QMRA and decision-making: are we handling measurement errors associated with pathogen concentration data correctly?

机构信息

Department of Civil and Environmental Engineering, University of Waterloo, Waterloo, Ontario, Canada.

出版信息

Water Res. 2011 Jan;45(2):427-38. doi: 10.1016/j.watres.2010.08.042. Epub 2010 Sep 28.

Abstract

Knowledge of the variability in pathogen or indicator concentrations over time at a particular location (e.g. in drinking water sources) is essential in implementation of concentration-based regulations and in quantitative microbial risk assessment. Microbial enumeration methods, however, are known to yield highly variable counts (even among replicates) and some methods are prone to substantial losses (i.e. only a fraction of the target microorganisms in a sample are observed). Consequently, estimated microorganism concentrations may be biased and only a fraction of the variability that is observed in temporally distributed concentration estimates is due to variability in concentration itself. These issues have often been ignored in the past, and approaches to integrate knowledge about the measurement error associated with enumeration methods into decisions have not been standardized. Here, an existing model that describes variability in microorganism counts as a function of sample volume and the analytical recovery of the enumeration method is expanded to include temporal concentration variability and sample-specific recovery information. This model is used to demonstrate that microorganism counts and analytical recovery are not independent (as has often been assumed), even if the correlation is obscured by other sources of variability in the data. It is also used as an experimental design tool to evaluate strategies that may yield more accurate concentration estimates. Finally, the model is implemented in a Bayesian framework (with a Gibbs sampling algorithm) to quantify temporal concentration variability with appropriate consideration of measurement errors in the data and the analytical recovery of the enumeration method.
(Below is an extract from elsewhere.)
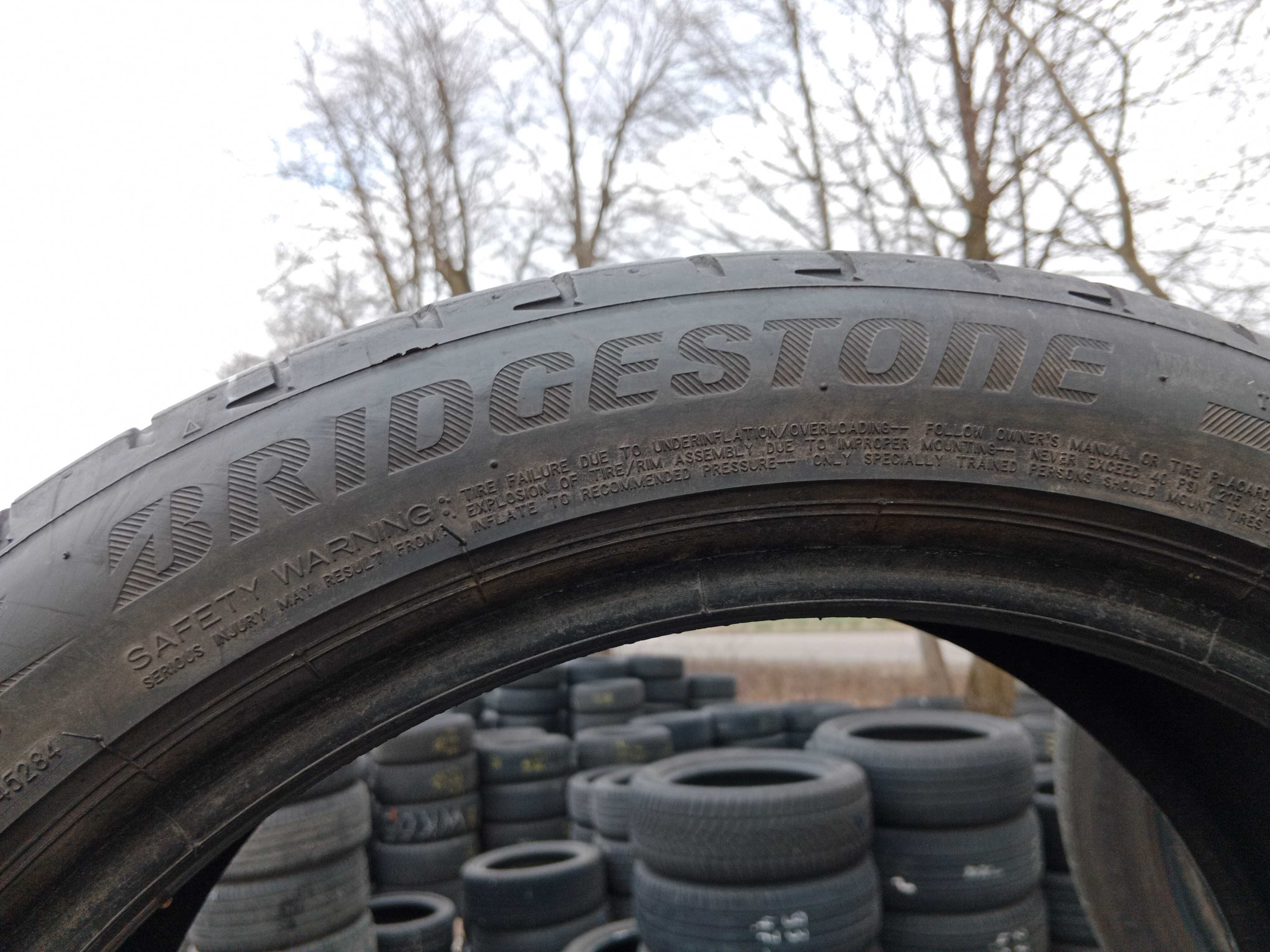 Opona używana 225/45R19 Bridgestone Potenza S001 MO 1szt.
We demonstrate by simulation that this statistical approach facilitates risk analyses that appropriately model variability in microorganism concentrations given the available data and that it enables decisions based on quantitative measures of uncertainty.

摘要

了解特定地点(例如饮用水源)的病原体或指示物浓度随时间的变化是实施基于浓度的法规和定量微生物风险评估的关键。然而,微生物计数方法已知会产生高度可变的计数(即使在重复中也是如此),并且一些方法容易出现大量损失(即,样品中只有目标微生物的一部分被观察到)。因此,估计的微生物浓度可能存在偏差,并且在时间分布的浓度估计中观察到的可变性只有一部分归因于浓度本身的可变性。过去,这些问题经常被忽视,并且尚未将与计数方法相关的测量误差相关的知识纳入决策的整合方法标准化。在这里,我们扩展了一个现有的模型,该模型将微生物计数的可变性描述为样本体积和计数方法的分析回收率的函数,以包括时间浓度可变性和样品特异性回收率信息。该模型用于演示即使数据中的其他变异性源掩盖了相关性,微生物计数和分析回收率也不是独立的(如通常假设的那样)。它还被用作实验设计工具来评估可能产生更准确浓度估计的策略。最后,该模型在贝叶斯框架(使用 Gibbs 抽样算法)中实现,以适当考虑数据中的测量误差和计数方法的分析回收率来量化时间浓度可变性。我们通过模拟表明,这种统计方法有助于进行风险分析,使我们能够根据可用数据适当模拟微生物浓度的可变性,并能够基于不确定性的定量度量做出决策。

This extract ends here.